New products have come along, like the Versalite, a recyclable cup made of #5 polypropylene—it insulates a drink to keep it hot but prevents it from being too hot to hold. There's also an endless amount of reusable travel mugs insulated to do the same thing, but without the potential for waste.
But all of these things only mean so much if you’re drinking a liquid that’s nearly 200 degrees. Although one study showed that people typically drink their at-home coffee at 140 degrees, the recommended brewing temperature from the National Coffee Association is still in the 180-degree range.
“During the Liebeck court proceedings, McDonald’s said it served its coffee between 180 and 190 degrees,” according to The New York Times. “The company has refused to disclose today’s standard temperature, but Retro Report shows a handbook for franchisees calling for temperatures 10 degrees lower.”
If it doesn’t sound like much, it’s because it’s not. McDonald’s chooses to keep their coffee scaldingly hot because, according to attorney Butch Wagner, hot coffee stays fresh for longer. They save money by doing this (millions per day, in fact, across their US franchises alone), even if it means paying out for other hot coffee settlements—of which there are plenty.
A man is suing a McDonald’s in Illinois for “severe and permanent disabling injuries” due to a hot coffee incident, two women in Fresno, California have filed lawsuits against the fast-food chain, and an Oregon location got sued after a teenage girl was scalded by a cup of hot water.

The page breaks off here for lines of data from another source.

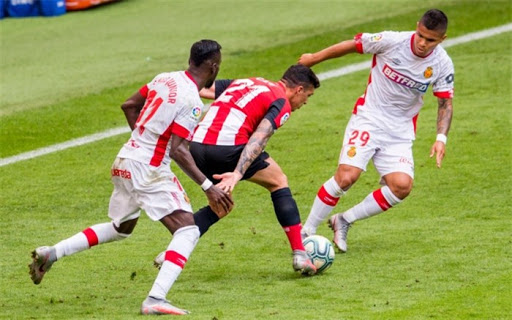 آتش باری آتلتیکو برابر مایورکای قعر نشین آتش باری آتلتیکو برابر مایورکای قعر نشین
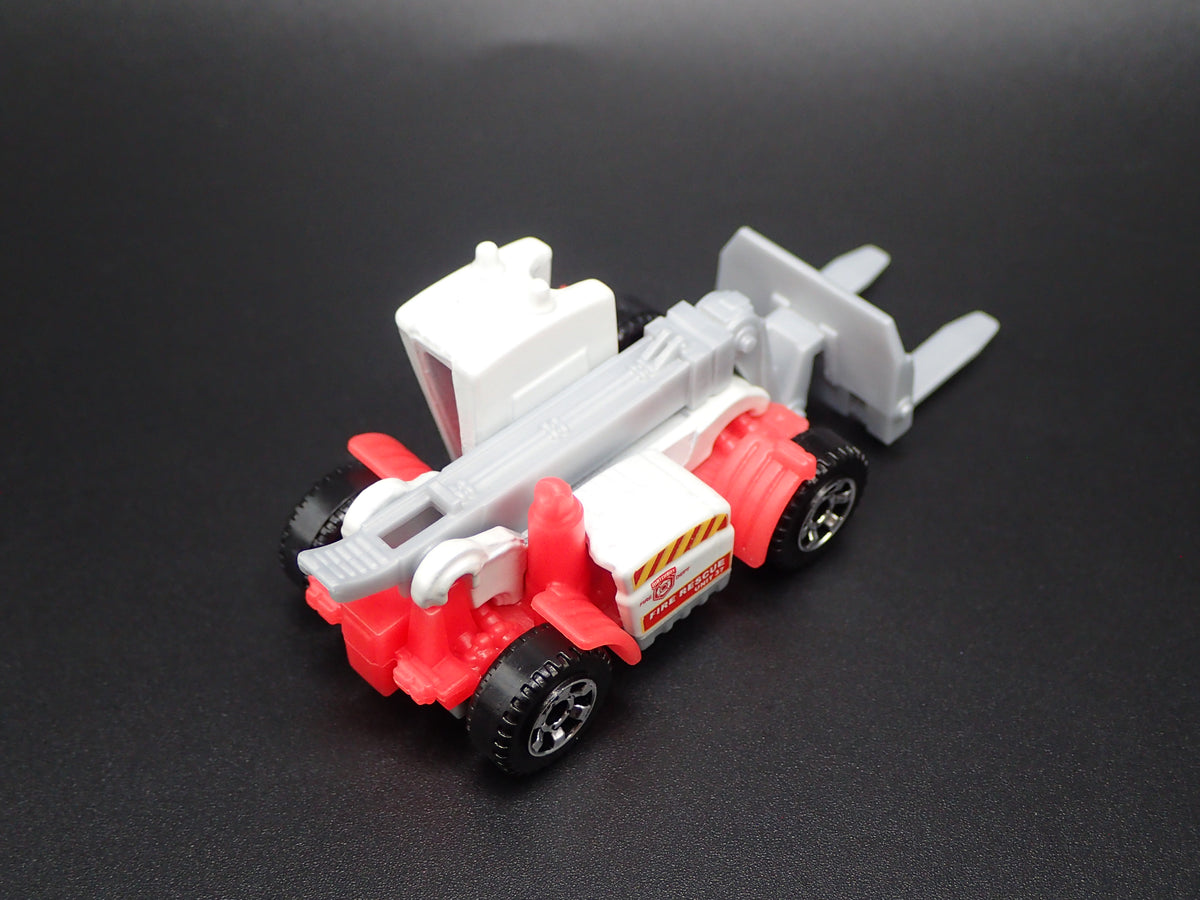 CONSTRUCTION FORKLIFT WHITE 1:64 MB SCALE COLLECTIBLE DIORAMA DIECAST MODEL CAR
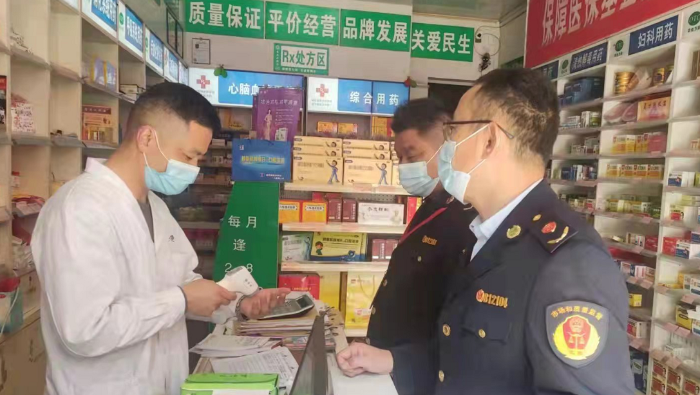 圖為執法人員在一家藥店檢查。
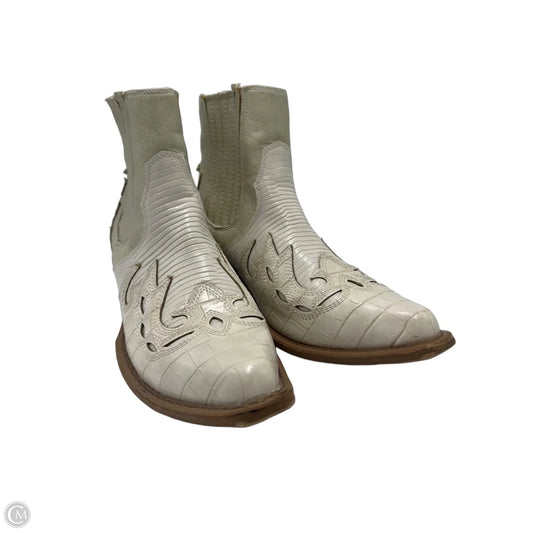 Boots Western By Coconuts In White, Size: 9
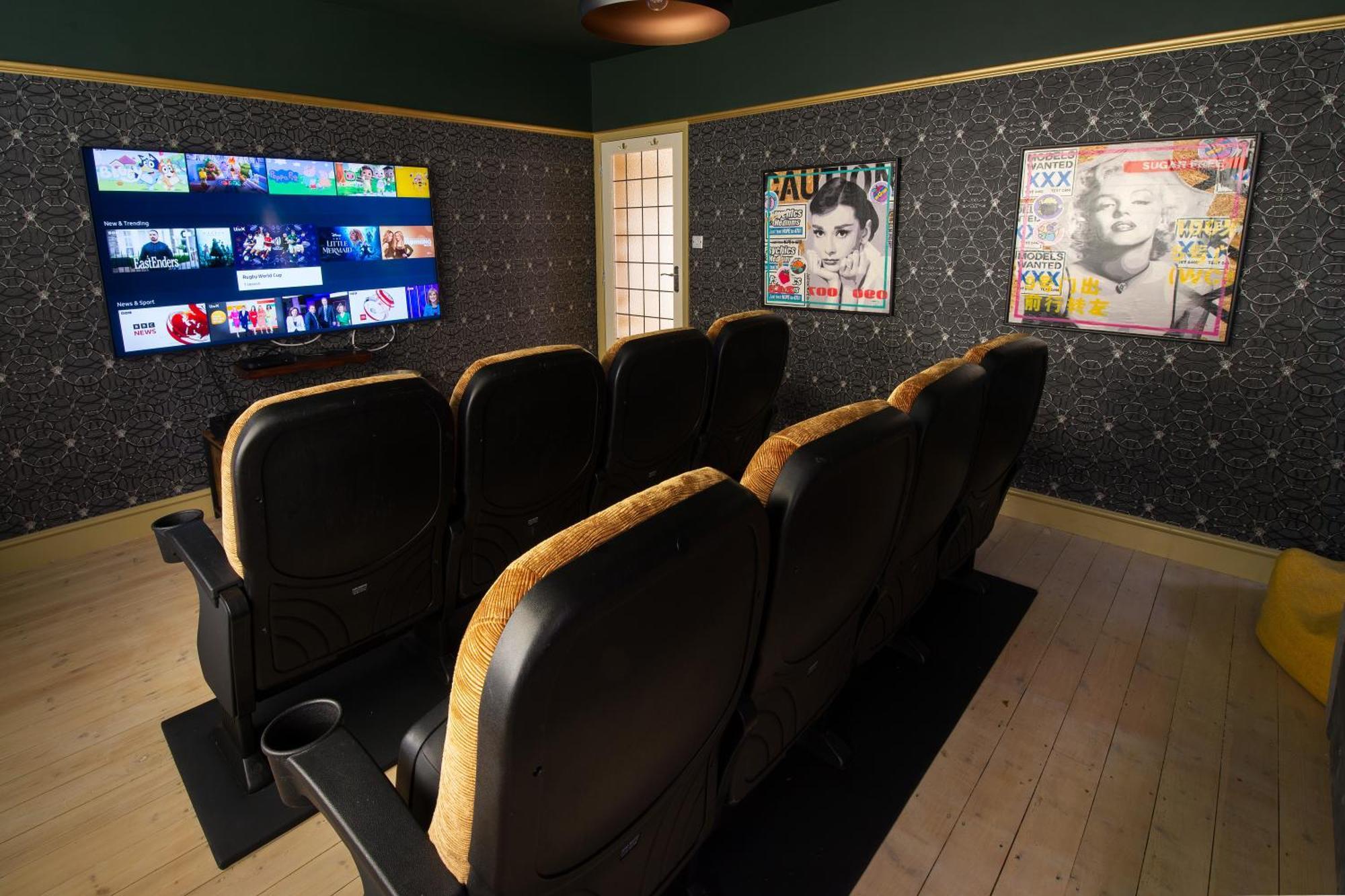 Deluxe 4 Or 5 Bed House With Hot Tub, Cinema Room Sleeps 15 Saffron Walden Kültér fotó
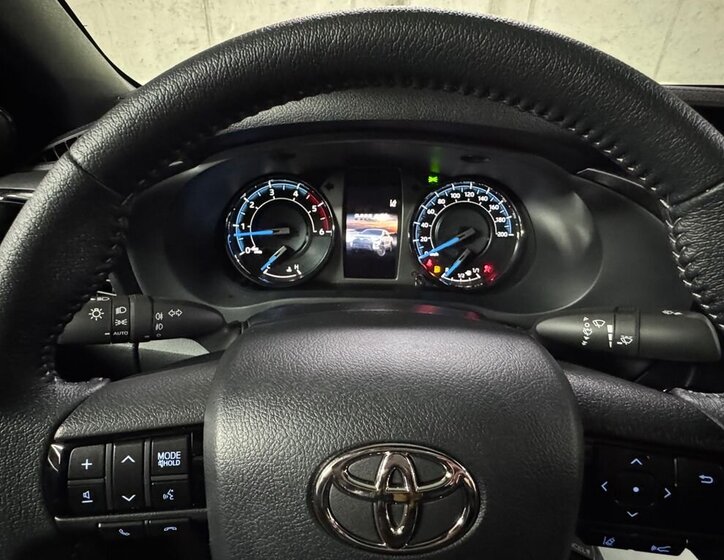 Toyota Hilux Pick-up 2,8 l 150 kw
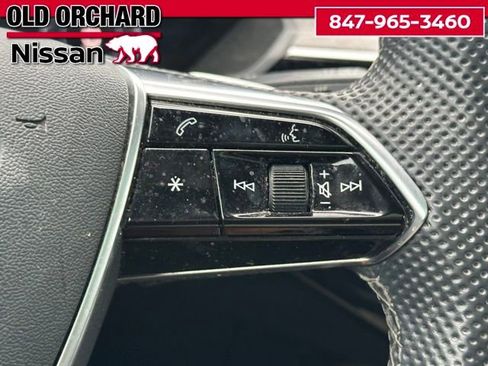 Used 2022 Audi e-tron S Premium Plus AWD/4WD image 19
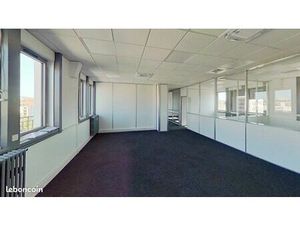 Bureaux 320 m²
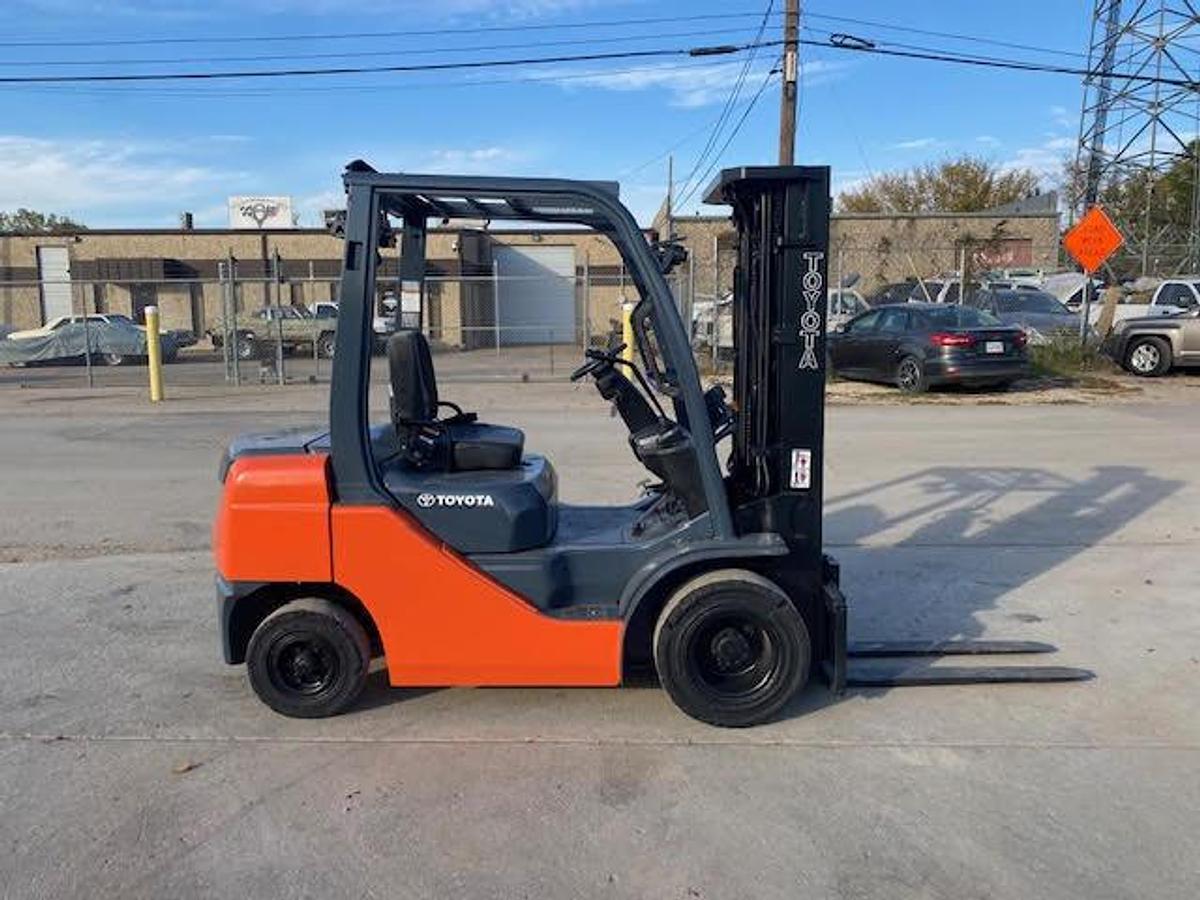 Used 2019 Toyota 8FDU25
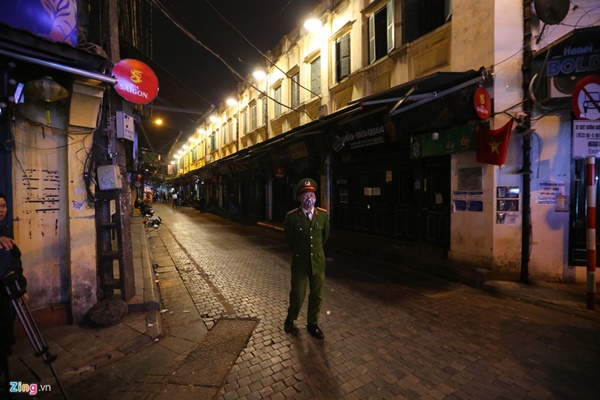 Hà Nội: Quán bar phố Tây Tạ Hiện tạm ngừng hoạt động, mong khách giữ sức khỏe trong dịch bệnh-7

"It appears McDonald's has made a business decision to sell the coffee hotter to be able to make more profit, and they continue to make more profit even if they're paying settlements,” Legal Analyst Jeff Hammerschmidt told ABC 30.
Knowing this, how do you not see a business putting profit before the safety of its customers? To be fair, popular coffee spots like Dunkin’ Donuts and Starbucks have both gone to court for serving too-hot drinks as well. However, it seems odd that a company that has been burned before by such a famous lawsuit would prefer a damaged reputation than taking the time to come up with an actual solution.
Sure, you can sue anybody for anything—but how many times will McDonald’s be sued for the same thing, considering “Caution: Contents Hot” just isn’t cutting it?